Short text fragments from websites:
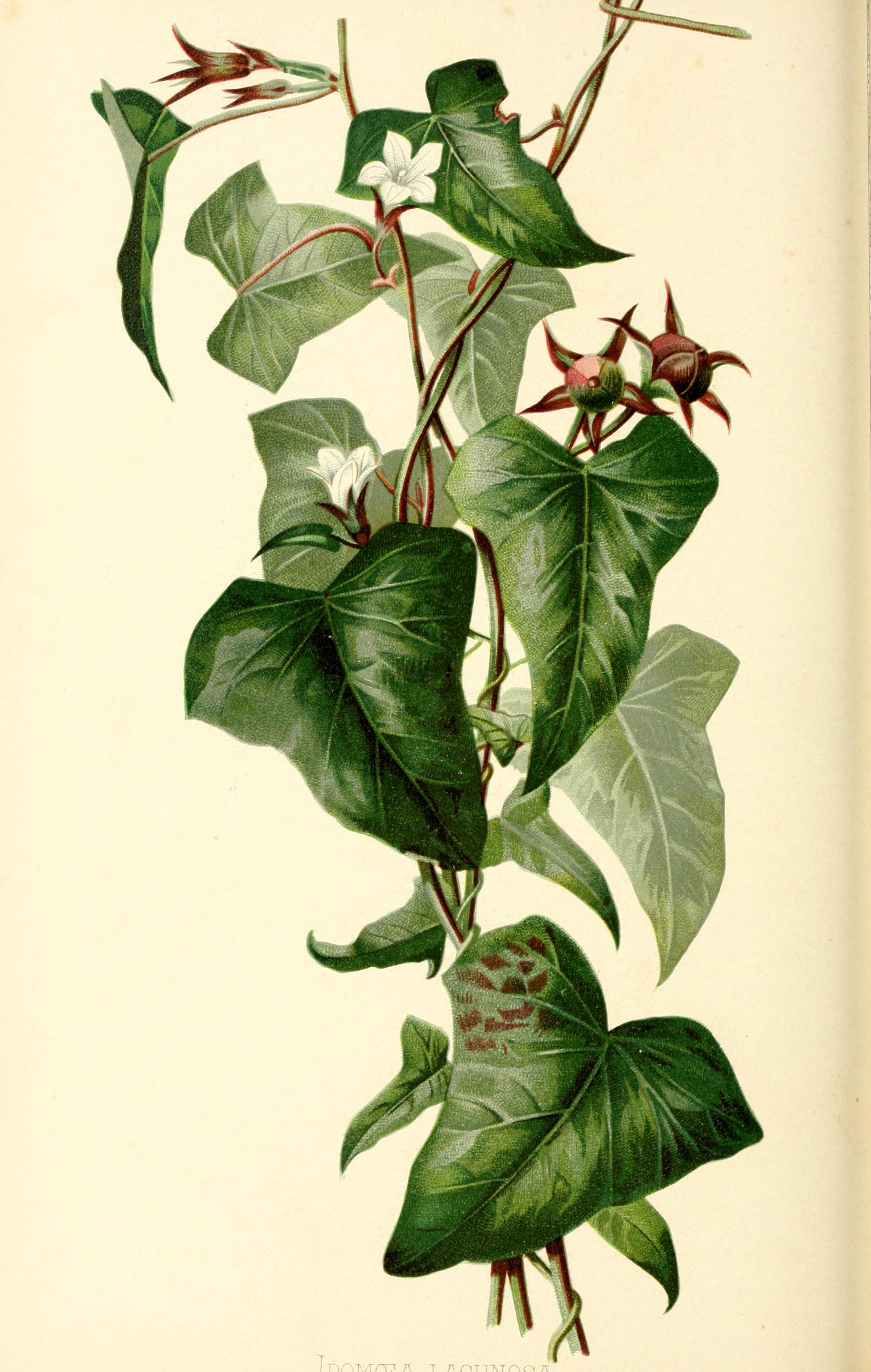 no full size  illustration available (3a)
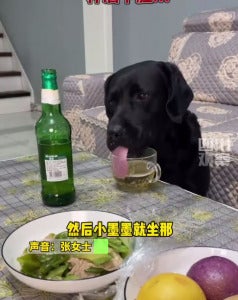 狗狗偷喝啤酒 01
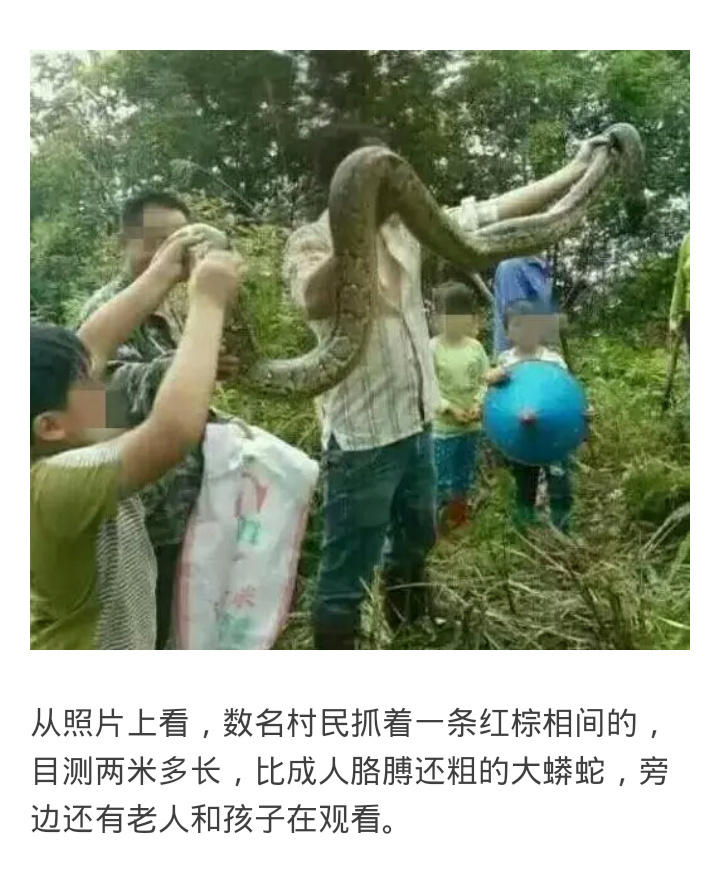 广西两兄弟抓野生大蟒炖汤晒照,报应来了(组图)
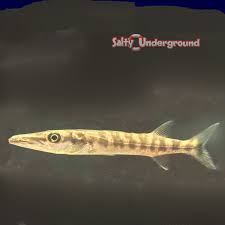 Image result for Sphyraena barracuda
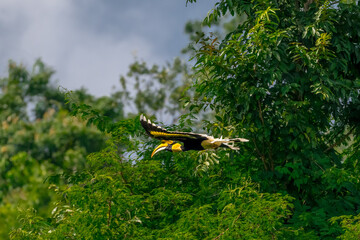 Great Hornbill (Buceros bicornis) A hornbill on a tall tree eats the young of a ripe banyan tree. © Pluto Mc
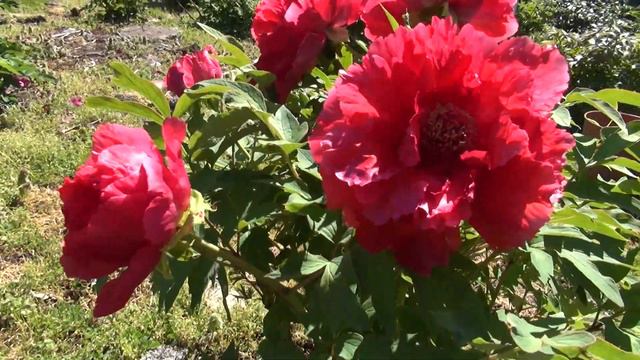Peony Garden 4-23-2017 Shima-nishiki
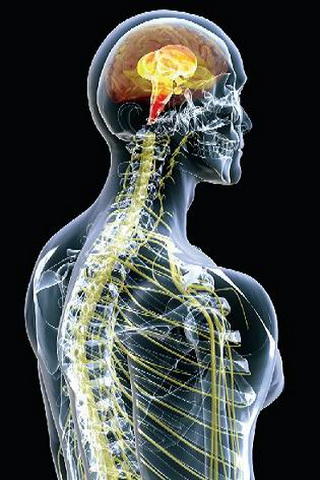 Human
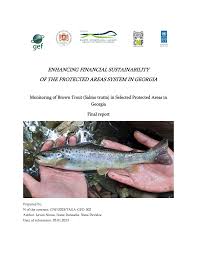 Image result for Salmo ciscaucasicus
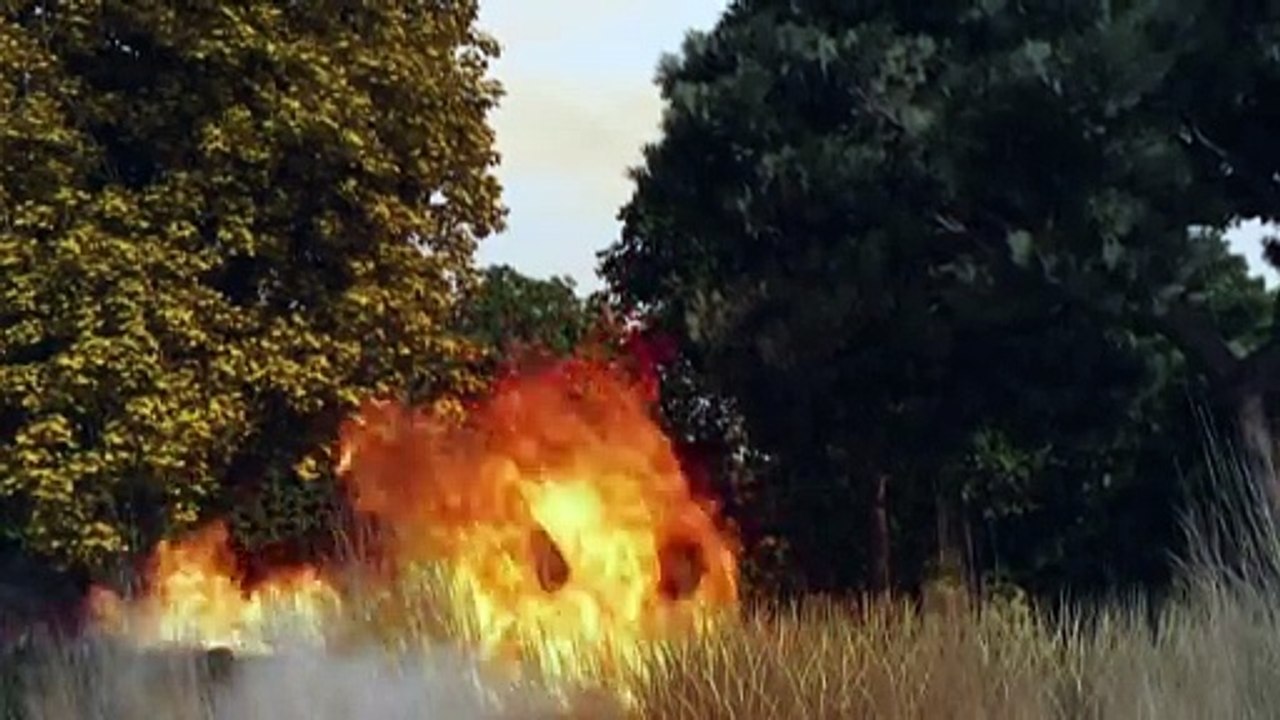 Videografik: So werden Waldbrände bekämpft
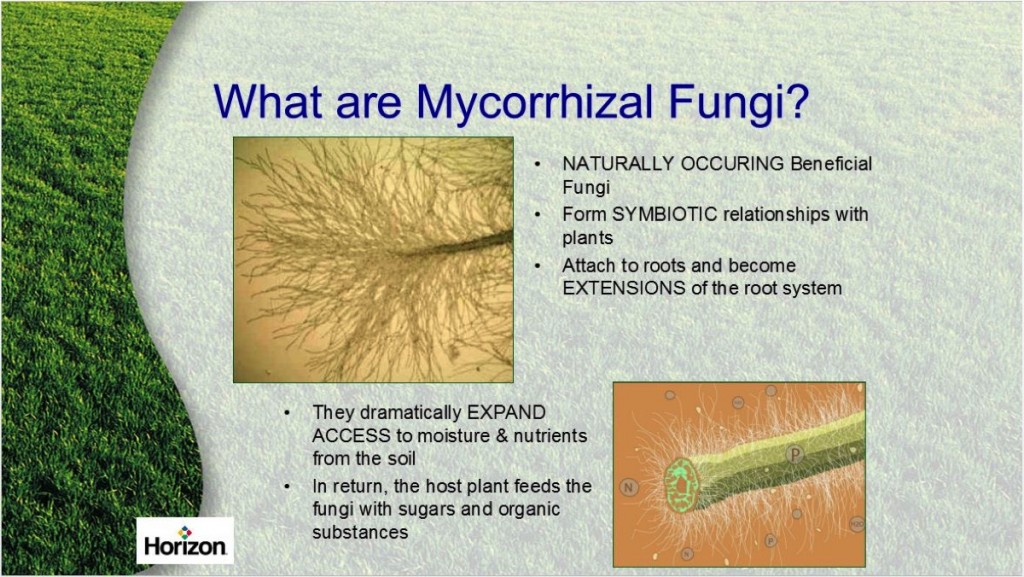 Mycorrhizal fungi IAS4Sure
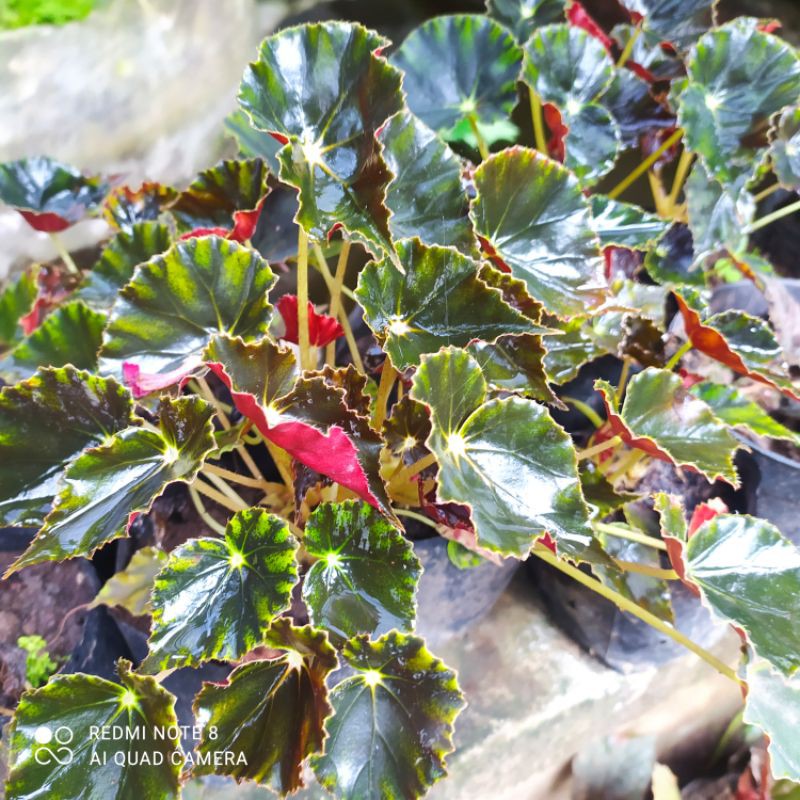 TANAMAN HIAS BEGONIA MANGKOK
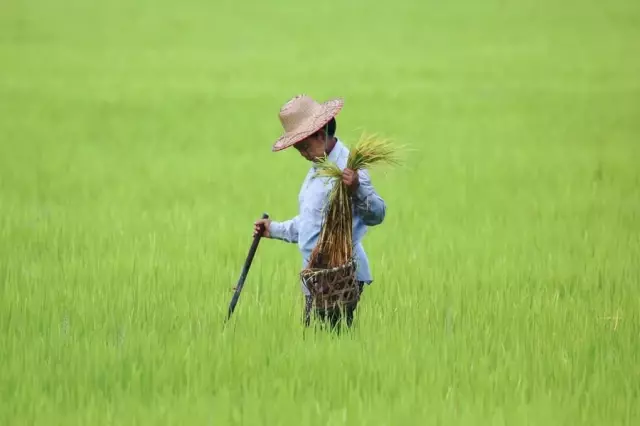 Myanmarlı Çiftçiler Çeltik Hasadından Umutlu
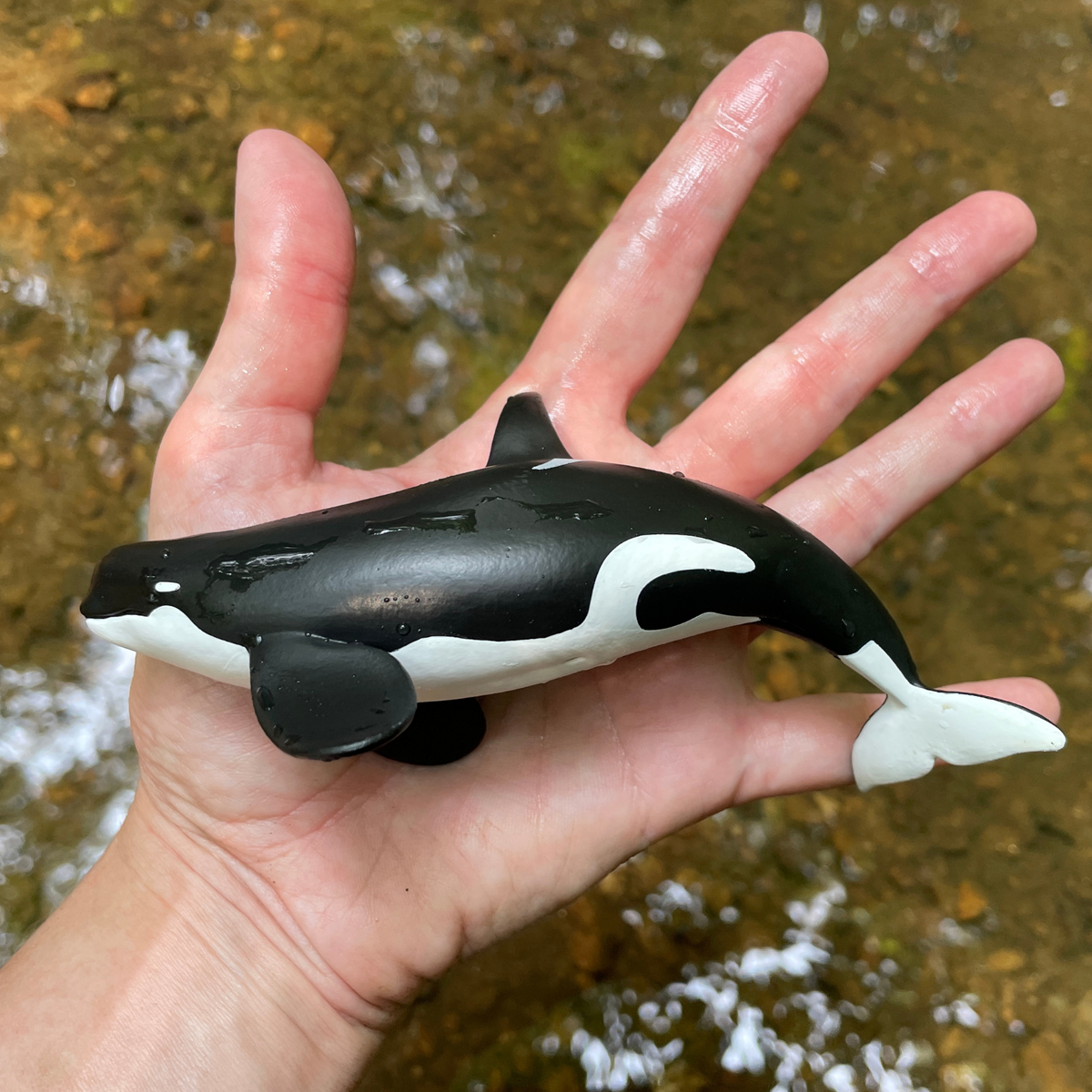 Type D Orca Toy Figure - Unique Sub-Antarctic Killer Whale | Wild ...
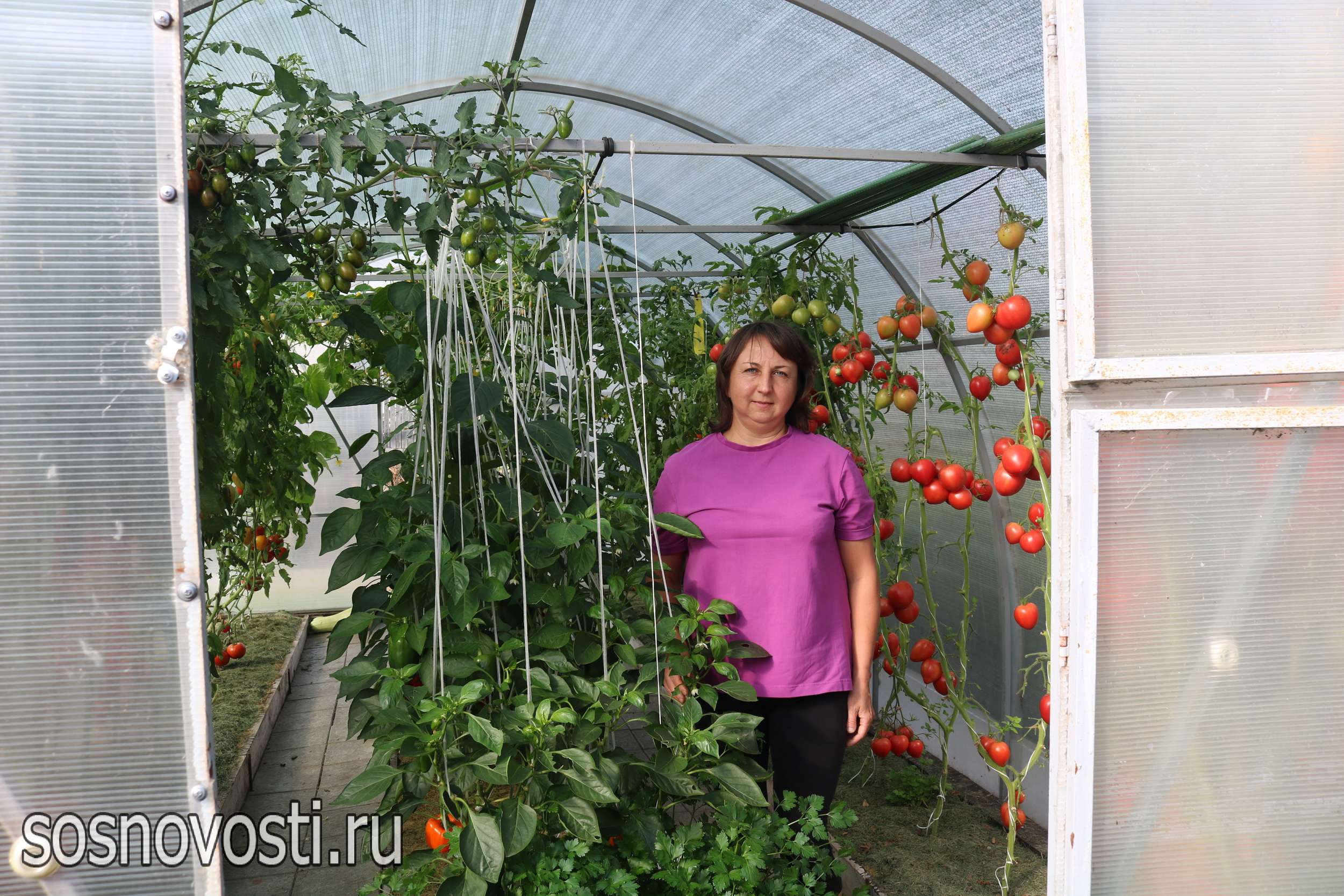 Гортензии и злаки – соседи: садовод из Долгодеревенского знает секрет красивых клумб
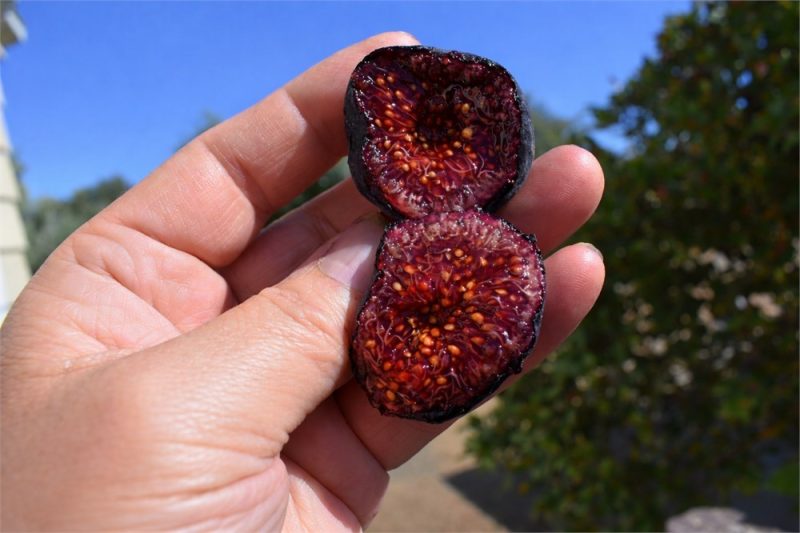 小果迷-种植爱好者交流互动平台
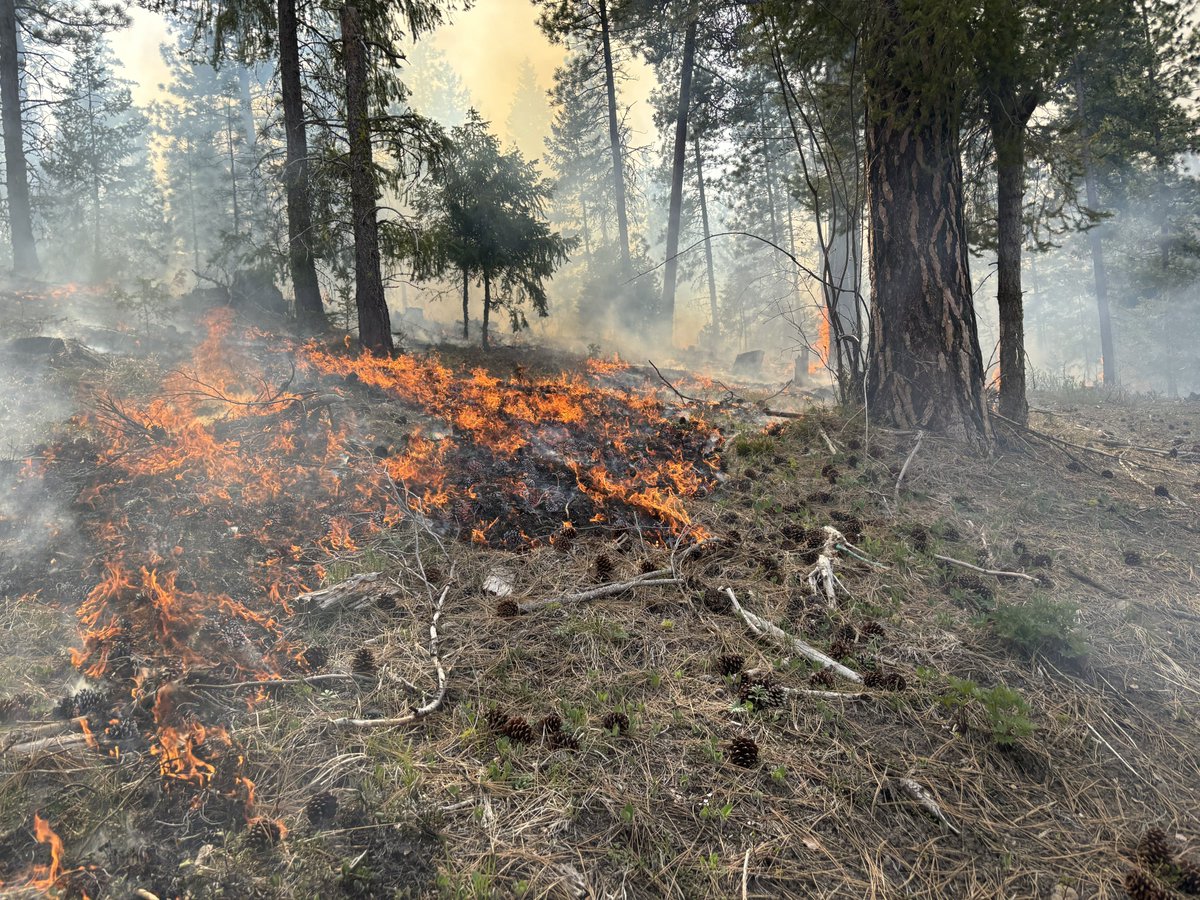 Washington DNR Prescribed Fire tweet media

→ **INSTRUCTIONS FOR THE TASK**
The records above must be printed exactly, but the pictures they hold should be omitted.

→ **ANSWER FOR THIS EXERCISE**
 no full size  illustration available (3a)
 狗狗偷喝啤酒 01
 广西两兄弟抓野生大蟒炖汤晒照,报应来了(组图)
 Image result for Sphyraena barracuda
 Great Hornbill (Buceros bicornis) A hornbill on a tall tree eats the young of a ripe banyan tree. © Pluto Mc
Peony Garden 4-23-2017 Shima-nishiki
 Human
 Image result for Salmo ciscaucasicus
 Videografik: So werden Waldbrände bekämpft
 Mycorrhizal fungi IAS4Sure
 TANAMAN HIAS BEGONIA MANGKOK
 Myanmarlı Çiftçiler Çeltik Hasadından Umutlu
 Type D Orca Toy Figure - Unique Sub-Antarctic Killer Whale | Wild ...
 Гортензии и злаки – соседи: садовод из Долгодеревенского знает секрет красивых клумб
 小果迷-种植爱好者交流互动平台
 Washington DNR Prescribed Fire tweet media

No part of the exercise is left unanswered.